VitalFile for Real-Time Workstation Protection provides transparent real-time file-level protection. Any time a “user-created” file is changed; VitalFile makes up to three copies. No administrator is necessary and users can restore files themselves.
VitalFile for Real-Time Workstation Protection provides transparent real-time file-level protection. Any time a “user-created” file is changed; VitalFile makes up to three copies. No administrator is necessary and users can restore files themselves.
Is it free (as in free beer) for personal use? I couldn’t find any info on that on IBM’s sites…
this is interesting. i take it that one can set the number of revisions one wants to keep. kinda like system restore but on a pr file basis
i wonder, are all the files deleted when the original is deleted?
Now this is the kind of feature I’d like to see in future OSes. Now that disks are so huge, it would be nice to have the option to keep multiple versions of files.
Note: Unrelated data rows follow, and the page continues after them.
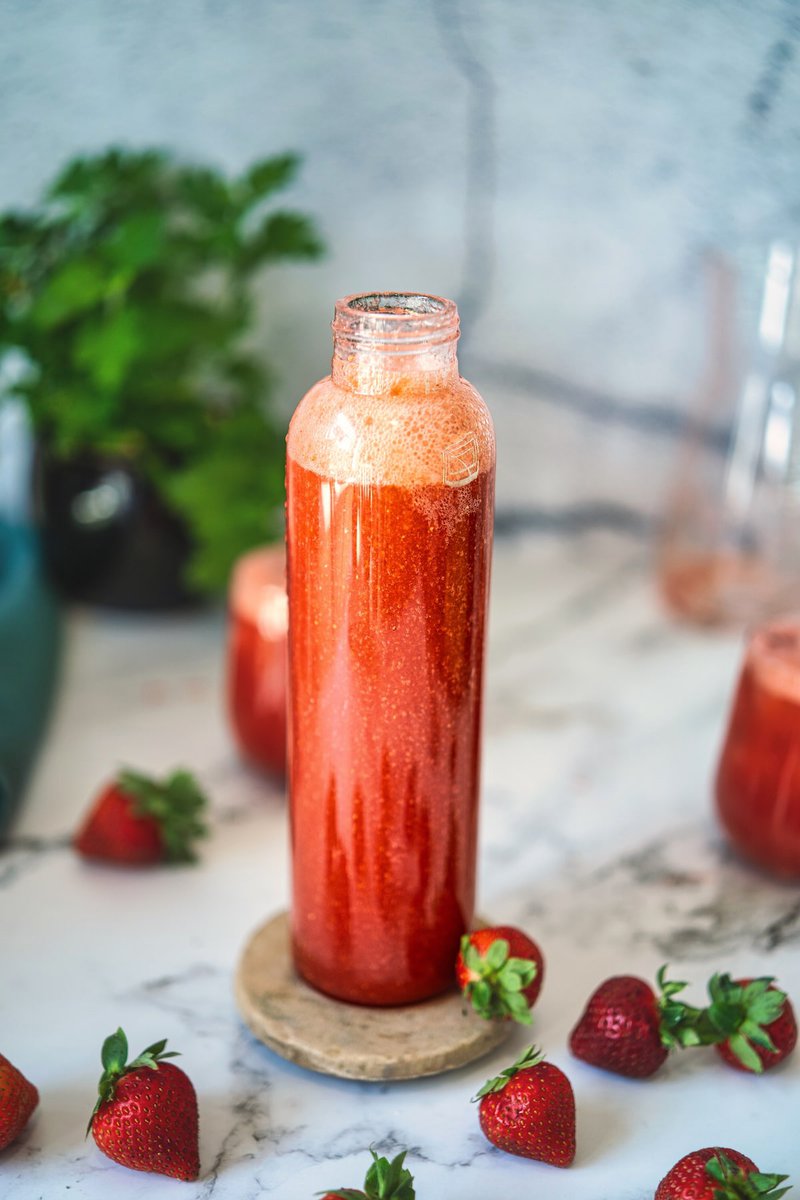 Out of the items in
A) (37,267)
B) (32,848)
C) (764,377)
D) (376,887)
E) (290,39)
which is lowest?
(32,848)

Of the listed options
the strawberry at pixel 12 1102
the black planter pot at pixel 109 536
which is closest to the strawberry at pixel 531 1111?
the strawberry at pixel 12 1102

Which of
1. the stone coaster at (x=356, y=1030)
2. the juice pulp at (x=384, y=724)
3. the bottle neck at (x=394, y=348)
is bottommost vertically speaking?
the stone coaster at (x=356, y=1030)

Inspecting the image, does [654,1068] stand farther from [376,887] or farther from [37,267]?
[37,267]

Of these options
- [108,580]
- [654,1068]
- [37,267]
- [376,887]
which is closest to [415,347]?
[376,887]

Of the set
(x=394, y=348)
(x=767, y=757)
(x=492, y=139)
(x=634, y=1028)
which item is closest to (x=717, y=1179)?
(x=634, y=1028)

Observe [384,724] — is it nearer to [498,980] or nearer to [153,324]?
[498,980]

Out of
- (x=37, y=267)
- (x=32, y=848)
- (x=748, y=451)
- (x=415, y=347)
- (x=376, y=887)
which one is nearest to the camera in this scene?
(x=415, y=347)

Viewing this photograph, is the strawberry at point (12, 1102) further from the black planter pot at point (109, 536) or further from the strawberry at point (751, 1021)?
the black planter pot at point (109, 536) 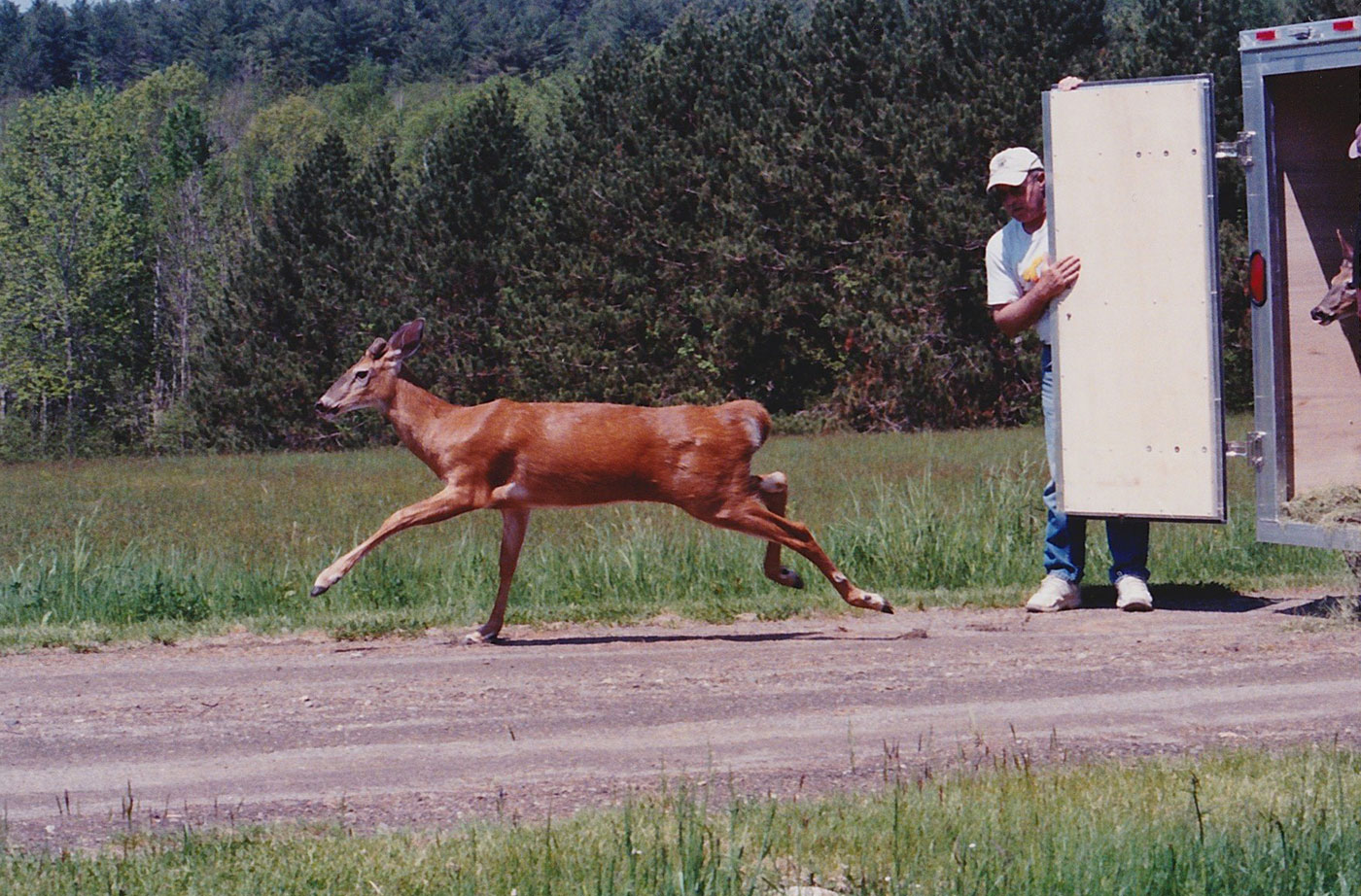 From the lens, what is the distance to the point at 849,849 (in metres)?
5.14

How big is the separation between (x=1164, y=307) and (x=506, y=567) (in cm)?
387

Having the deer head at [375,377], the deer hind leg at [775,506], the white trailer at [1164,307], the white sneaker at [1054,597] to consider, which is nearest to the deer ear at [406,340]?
the deer head at [375,377]

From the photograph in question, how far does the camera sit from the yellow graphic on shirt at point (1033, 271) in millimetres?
10366

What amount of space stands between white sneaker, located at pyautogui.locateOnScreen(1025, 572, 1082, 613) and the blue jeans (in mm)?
53

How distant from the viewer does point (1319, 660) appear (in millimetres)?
8406

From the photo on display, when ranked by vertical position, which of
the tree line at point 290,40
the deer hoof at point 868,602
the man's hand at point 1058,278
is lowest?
the deer hoof at point 868,602

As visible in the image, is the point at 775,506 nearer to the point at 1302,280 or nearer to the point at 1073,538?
the point at 1073,538

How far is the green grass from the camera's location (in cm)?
467

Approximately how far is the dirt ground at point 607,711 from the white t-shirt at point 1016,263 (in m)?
1.83

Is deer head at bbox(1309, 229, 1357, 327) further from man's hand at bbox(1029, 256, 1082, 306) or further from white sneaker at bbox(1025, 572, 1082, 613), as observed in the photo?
white sneaker at bbox(1025, 572, 1082, 613)

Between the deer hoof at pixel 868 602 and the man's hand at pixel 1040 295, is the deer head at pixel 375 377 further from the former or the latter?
the man's hand at pixel 1040 295

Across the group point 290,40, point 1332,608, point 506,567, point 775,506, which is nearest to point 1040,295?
point 775,506

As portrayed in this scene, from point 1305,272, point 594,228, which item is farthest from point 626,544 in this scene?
point 594,228

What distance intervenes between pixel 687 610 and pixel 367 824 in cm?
517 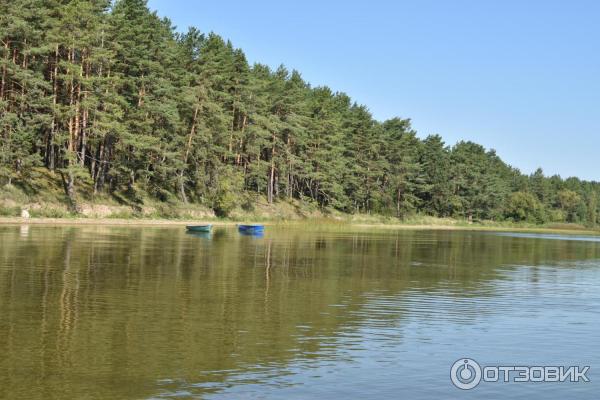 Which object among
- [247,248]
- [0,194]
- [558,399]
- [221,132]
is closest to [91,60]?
[0,194]

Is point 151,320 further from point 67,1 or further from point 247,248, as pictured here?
point 67,1

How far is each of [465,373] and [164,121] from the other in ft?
252

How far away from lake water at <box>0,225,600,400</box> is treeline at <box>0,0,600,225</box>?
4005 centimetres

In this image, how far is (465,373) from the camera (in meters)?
14.3

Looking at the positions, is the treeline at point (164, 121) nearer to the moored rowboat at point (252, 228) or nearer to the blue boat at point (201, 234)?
the blue boat at point (201, 234)

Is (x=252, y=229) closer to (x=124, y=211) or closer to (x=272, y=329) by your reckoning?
(x=124, y=211)

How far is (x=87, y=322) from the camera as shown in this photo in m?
17.7

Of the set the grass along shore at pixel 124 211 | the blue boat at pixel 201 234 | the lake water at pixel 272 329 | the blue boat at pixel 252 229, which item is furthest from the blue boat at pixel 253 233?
the lake water at pixel 272 329

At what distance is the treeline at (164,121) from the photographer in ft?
235

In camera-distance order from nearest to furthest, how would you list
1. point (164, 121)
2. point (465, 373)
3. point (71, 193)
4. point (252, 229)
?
point (465, 373) < point (252, 229) < point (71, 193) < point (164, 121)

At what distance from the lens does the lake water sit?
12.8 meters

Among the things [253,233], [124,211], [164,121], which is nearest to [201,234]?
[253,233]

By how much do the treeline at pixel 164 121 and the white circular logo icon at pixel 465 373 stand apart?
59.5 meters

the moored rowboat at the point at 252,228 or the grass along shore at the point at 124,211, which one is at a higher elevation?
the grass along shore at the point at 124,211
The documentation mentioned that the software wont work with Symantec firewall installed – I have ZoneAlarm Pro installed, and in spite of giving it full permissions, and even shutting down the firewall altogether, it just didn’t work. Anyone else had better luck with it?
@Wes Felter
Now this is the kind of feature I’d like to see in future OSes.
VMS has had this feature since the dawn of time. Create a file ‘foo.txt’ and it is stored on the disk as ‘foo.txt;1’. Edit it and the edited copy is saved as ‘foo.txt;2’ but the original one remains. The ‘purge’ command could be used to delete all the older copies so only the most recent update remained. It was a nice feature.
Eugenia, where are you ? Are you slipping at the switch ? Aren’t you supposed to delete offensive comments like those made by Darius ? Just kidding 🙂
This “protection” will only waste resources. They bring to us one more backup program, and say – It can protect you!
What kind of protection can be achieved on file level, while lots of ntoskrnl functions are still available to hacker? How will this protection work under stress conditions? Realtime protection should protect my processes!
When I write a very important document, I must be sure that no one can patch IN MEMORY. If not, why should I save 3 copies of corrupted file?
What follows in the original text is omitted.